Nyssa trees tend to be mostly-dioecious – meaning mostly pollen producing, sometimes referred to as “male” or mostly-fruit producing, often referred to as “female” but most trees also have some perfect flowers – both male and female– allowing for self-pollination and reproduction by seed held in the deep purple drupe fruits just in case a suitable partner is not nearby come spring.


For now, in the garden here, the Tupelo’s bright red leaves are scattered decoratively across the ground at the trees base, and the small pyramidal winter silhouette of dark wood (beloved by woodworkers) will stand quiet sentry moving on from this week’s full moon in Scorpio into the dormant season in front of us, the winter Solstice just six weeks away.

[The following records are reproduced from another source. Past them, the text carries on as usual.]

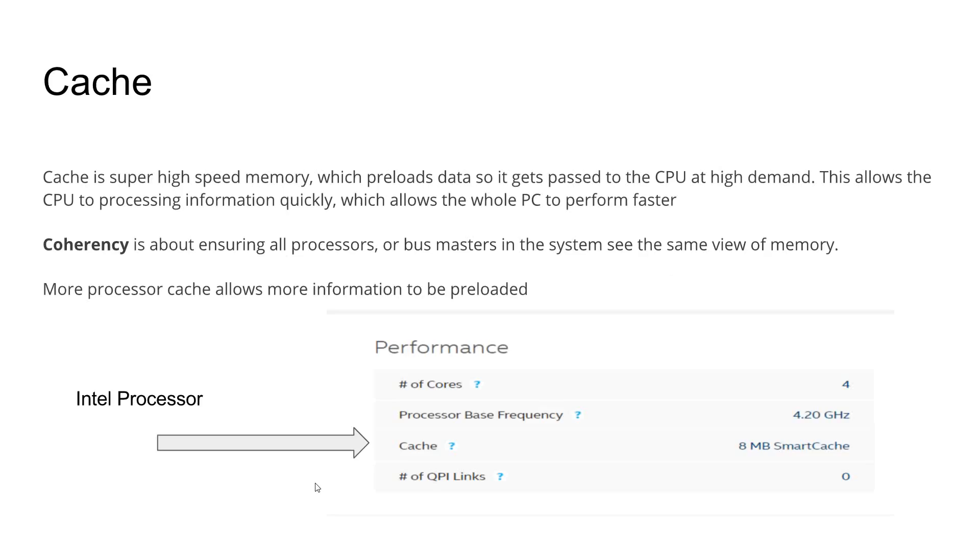Cache is super high-speed memory. It's pretty much locked onto the processor, and what it does is that it preloads data from RAM, so that way when the processor needs to access it, there is very little latency for the processor to access that information.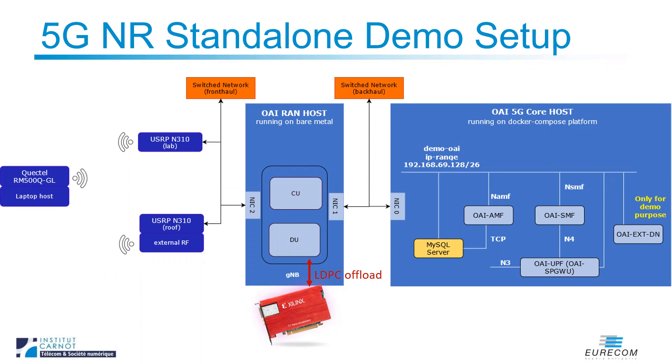The latter contains a hardened LDPC decoder, capable of up to 17 GB encoding throughput and 8 GB decoding throughput. The bitstream and the drivers have been provided by VVDN.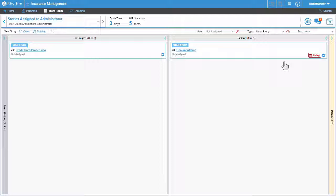And that's an introduction to working with stories on the Kanban board. I hope you found this video helpful and thank you for watching.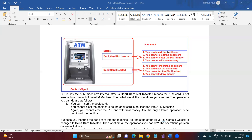When you insert the debit card into the ATM machine, the state changes from 'debit card not inserted' to 'debit card inserted.' When the internal state changes, what you can and cannot do also changes. With the 'debit card inserted' state, you cannot insert the debit card again since it's already inserted. You can eject the debit card, enter the PIN number, and withdraw money. Based on the internal state, the behavior changes — this is the State Design Pattern.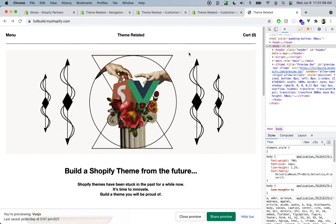Let's go into the next lecture where we're going to take care of the footer menu. See you there.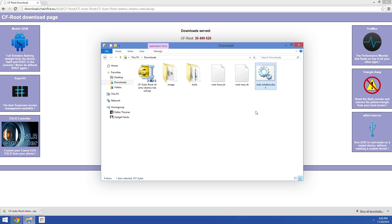Once it finishes booting back up, you can verify that you're rooted by downloading Root Checker from the Play Store. Then you'll be all set to go about enjoying the wonderful world of root.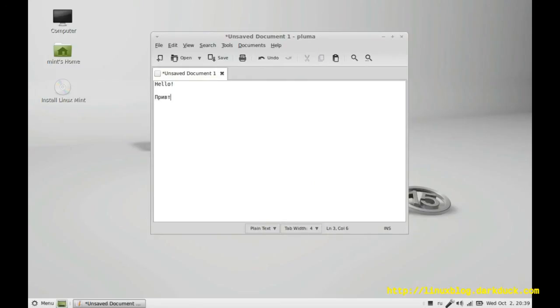Привет. Thank you. This is how you activate different keyboard layouts in Linux Mint with Mate Desktop.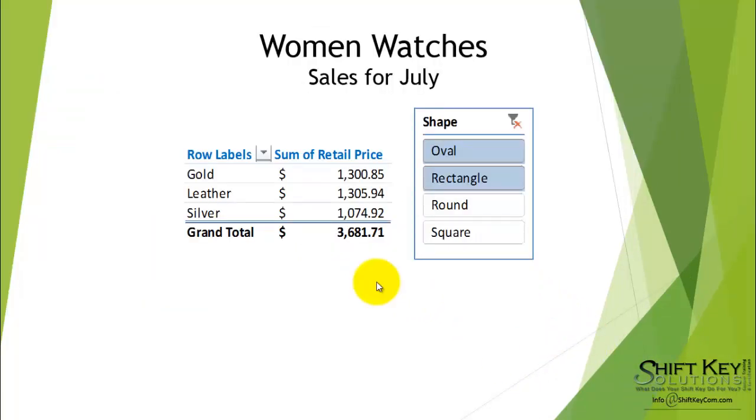If you've ever given a presentation with this type of data in it, you may have come across where audience members will ask, what do the table totals look like when all of the filter objects are selected?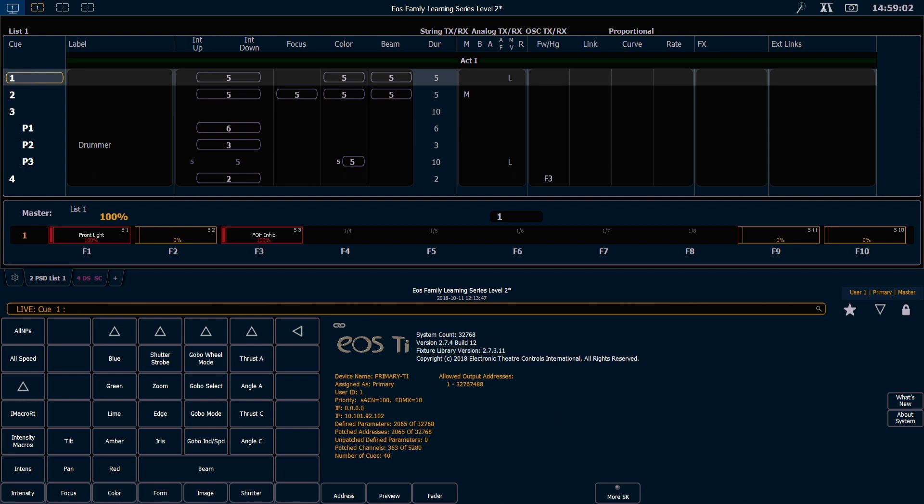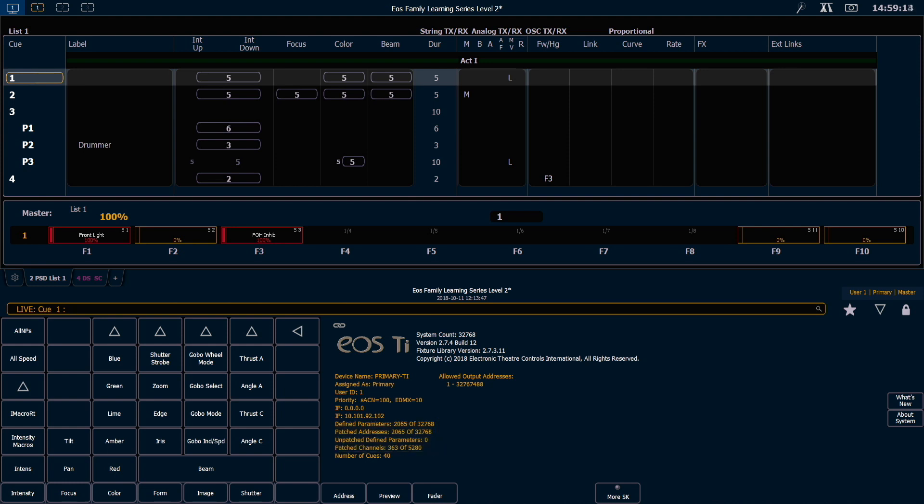It also gives you good information such as the name of the device, what its network role is, IP addresses, and the number of devices you have patched in various ways. There are also two buttons on the right hand side of the about screen.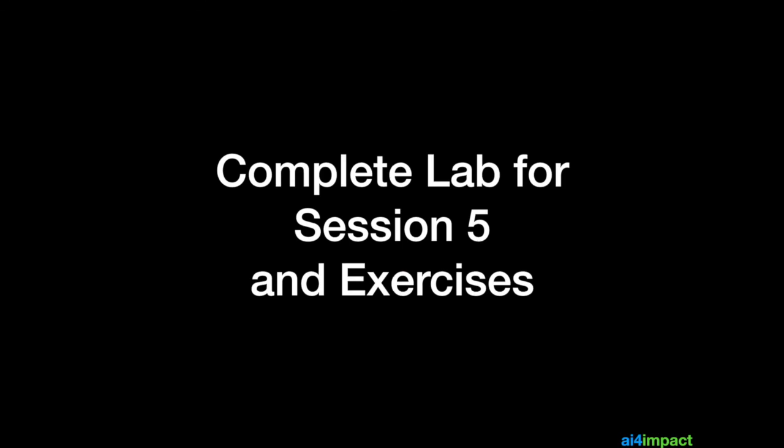Please complete the lab for session 5, and the exercises. Good luck.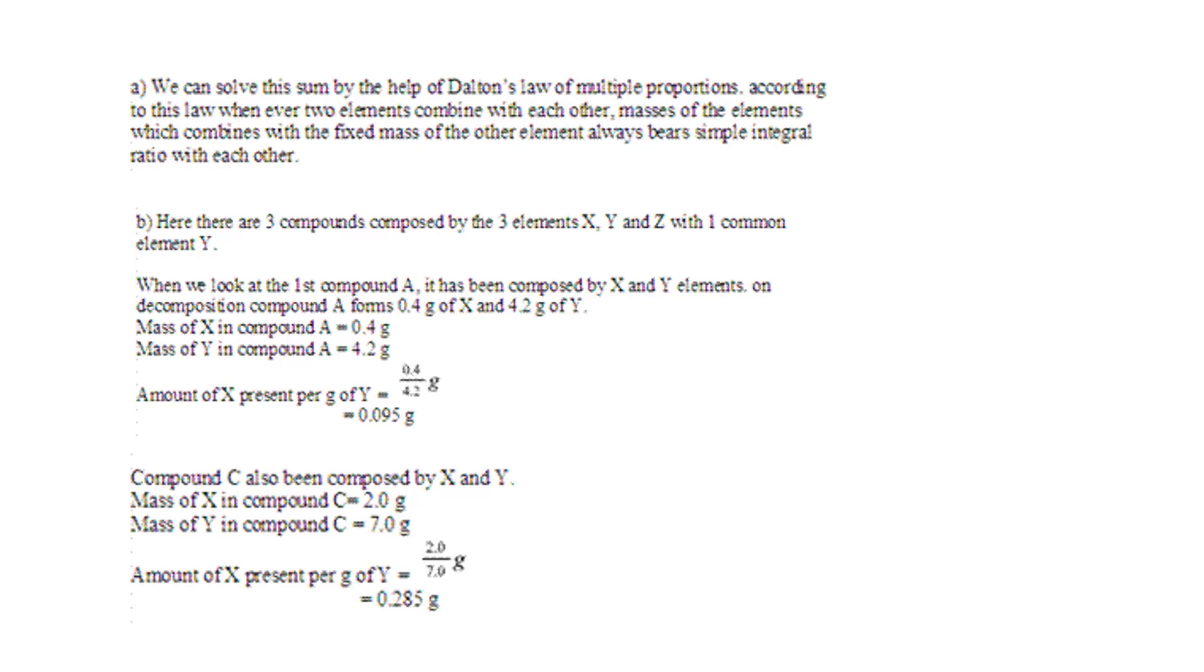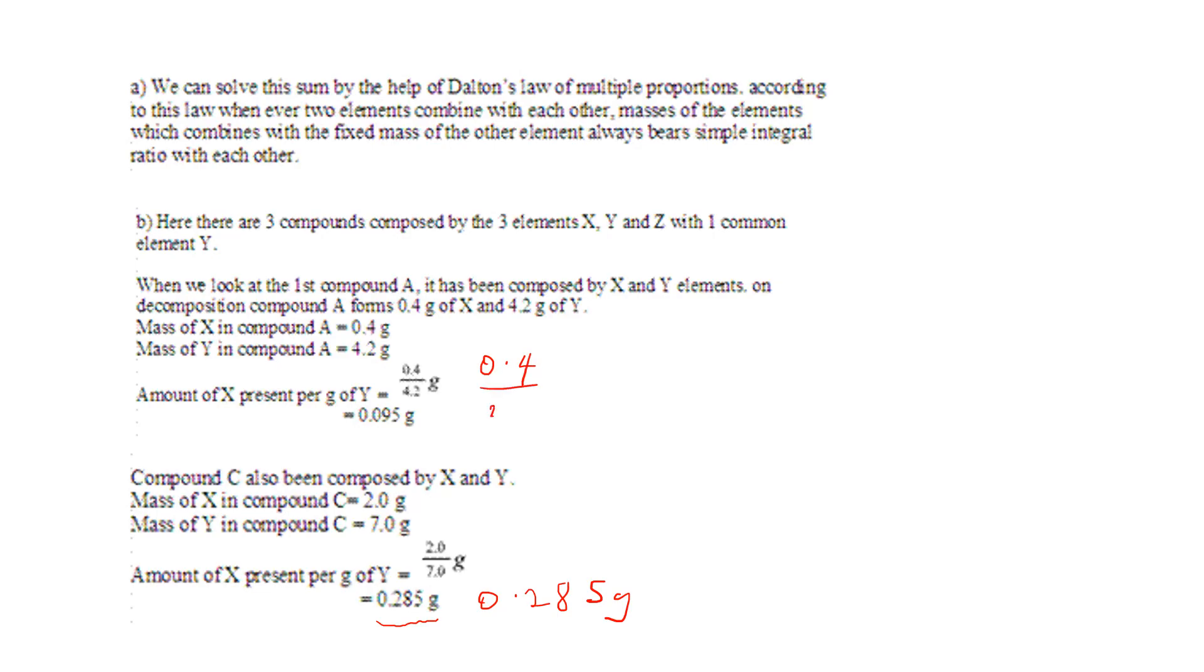So the amount of X present per gram of Y, that's the point. I hope this is clear. This is 0.285 grams. This is 0.4 over 4.2, that's giving me 0.095.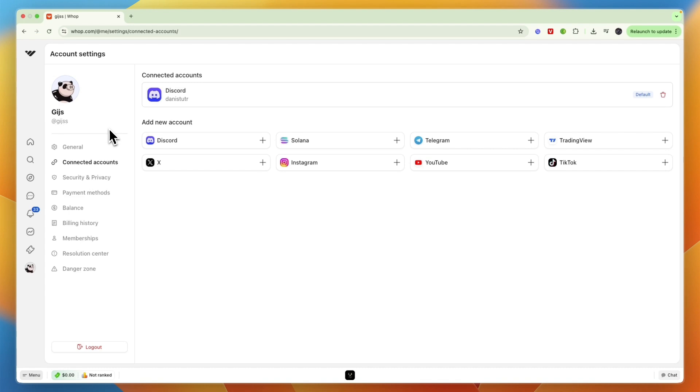how to connect Wap to Discord. If this video was helpful, please consider leaving a like and subscribing to my channel. With that being said, I will see you in the next video.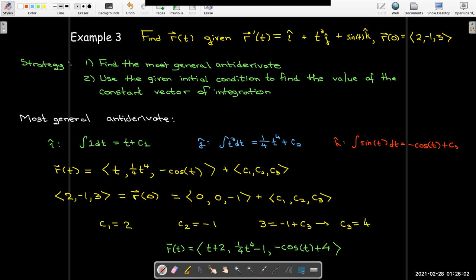We'll be applying vector integration in our next chapter. But for now, that's all there is to it.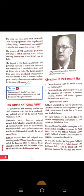The objectives of the Forward Bloc were: to win freedom from the British without any further delay; to rebuild India after independence on the principles of socialism — economic equality, freedom and justice, equitable distribution of wealth; and to promote world peace.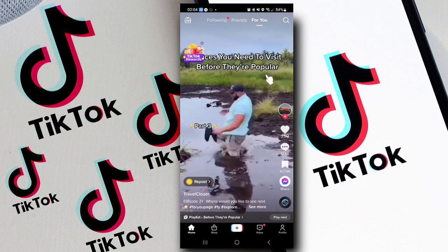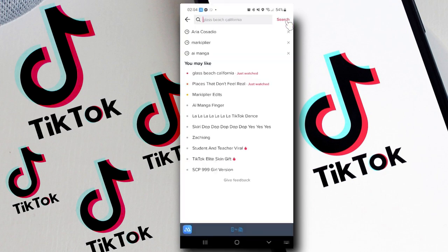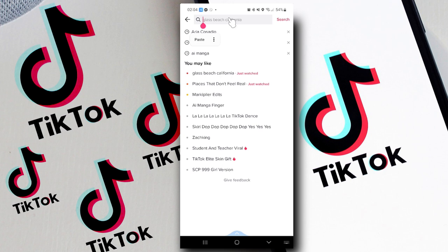One sure way to know is to tap on the search icon and, if you know the exact username of that person, type it in the search bar. If you do not see them in the results, it means that particular person has blocked you on TikTok.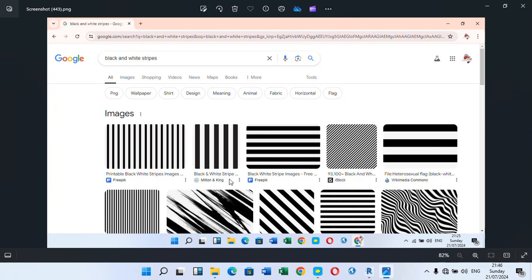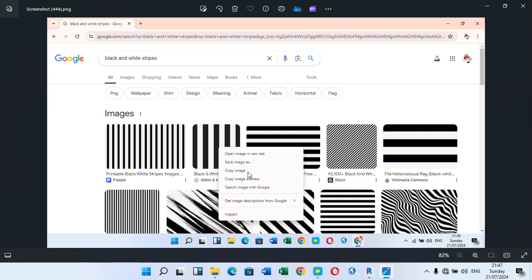After pressing Enter it shows me different designs of black and white stripes. Some are in horizontal design, but this is a vertical design of black and white — and this is exactly what I want to use for my cabs. Now if you look at this, the white stripes here are bigger than the black stripes, but in this one the black and white stripes look equal. I'm going to right-click on this one.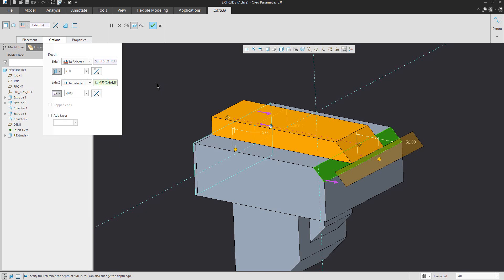That was a really nice example of how you can manage the Extrude feature and the depth options with Creo Parametric 5.0. Stay tuned — bye bye, Vladimir.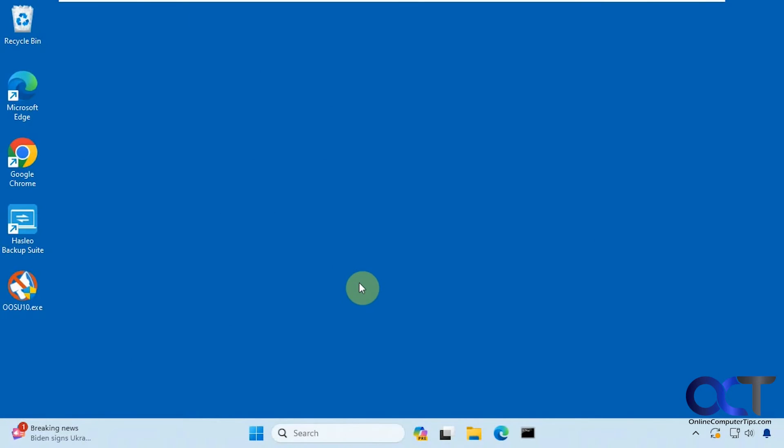Hi, in this video we're going to be talking about a Windows tweaking app you could use for free called Shutup 10++.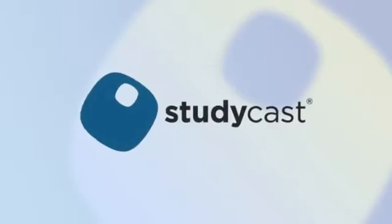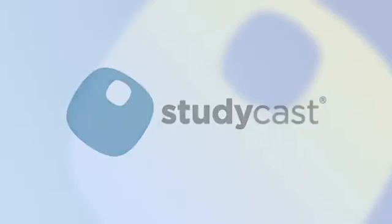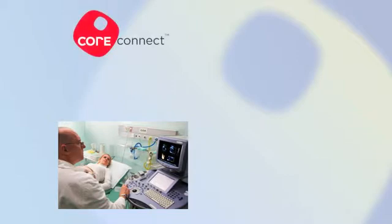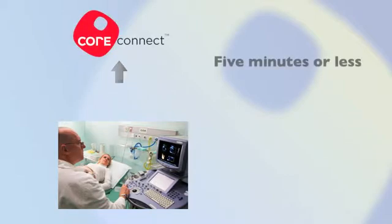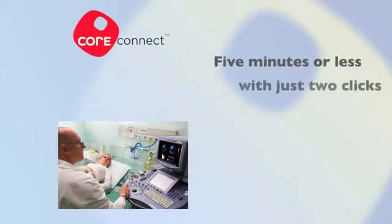This solution is called StudyCast. The StudyCast process begins with the sonographer. Using our easy uploading tool called CoreConnect, the sonographer sends out a study in 5 minutes or less with just 2 clicks.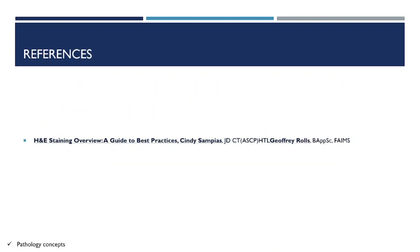These are the references for this video. Hope you like it. Thank you. See you in the next video.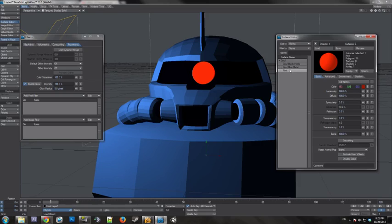First of all, you have to have the surface that you want to glow be luminous. The luminosity has to be something over 0. It doesn't actually have to be 100.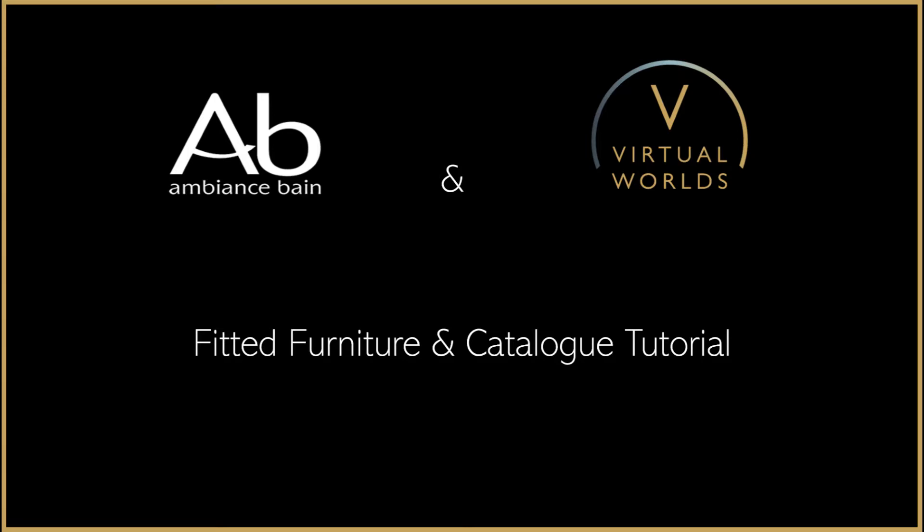Welcome to the fitted furniture and catalogue tutorial video. Today we are going to show you how to utilize the latest features of the Virtual Worlds design package by walking you through the assembly of a fitted furniture run using Ambience Bain's latest catalogues.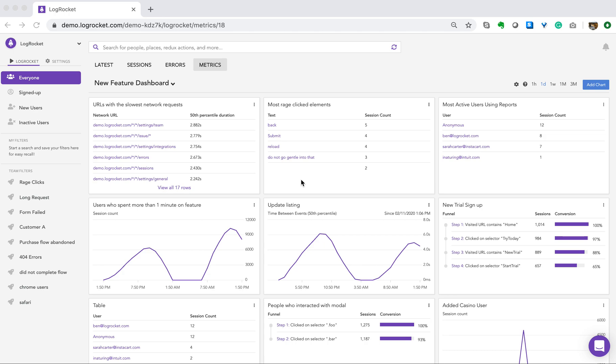This is why we've added the ability to create tables within metrics. You can use tables to answer questions like, which URLs have the slowest network requests, what are the most rage-clicked elements, and who are the most active users of a particular feature?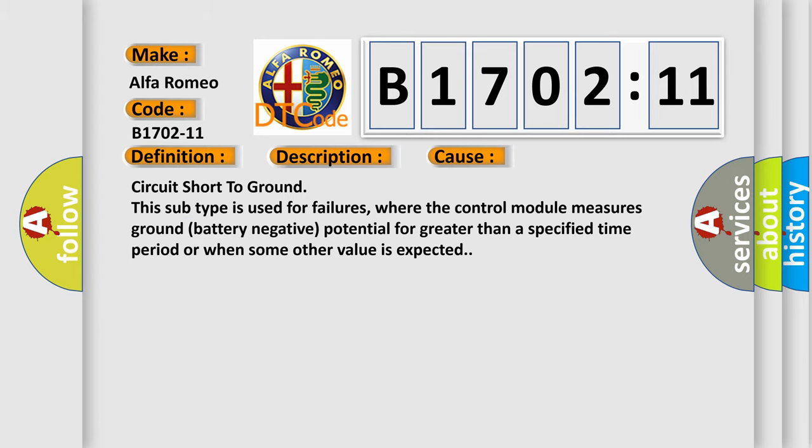This diagnostic error occurs most often in these cases: circuit short to ground. This subtype is used for failures where the control module measures ground battery negative potential for greater than a specified time period or when some other value is expected.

Yes, this lovely tree is sweet as Tupelo Honey, and yes, I will be humming that all day.



https://dec.vermont.gov/sites/dec/files/wsm/wetlands/docs/2016-261_Brochure_BlackGum.pdf

https://www.wildflower.org/gallery/result.php?id_image=35399


 

Thinking out loud this week:


I wanted to share this quote from my conversation with Ned, so you really hear it there and it seeds inside you appropriately

“The context of this garden of trees and woody plants isn't very different than it was 140 or 50 years ago, I think that’s what’s great about a visionary sort of approach to something. Arboreta, and a majority of botanical gardens in general, occupy this incredibly important place [in our world] foregrounding plants, in helping us as a community, as a country, as a set of countries around the world to be more respectful of plants—and if we can be more respectful of plants maybe we can be more respectful of the planet?”


And from there, maybe we can more respectful of one another in all our growing ways.


In our conversation, Ned also says: “Trees speak of time.”


And I got to thinking that in this they highlight how in many ways our attention to trees speak of our own time—how we invest our time, what we value with our time, and therefore the reality of our own intentions over time.


Let our own personal tree time dialogues be a blessing to the many in these times. May plants always be in your foreground my friends.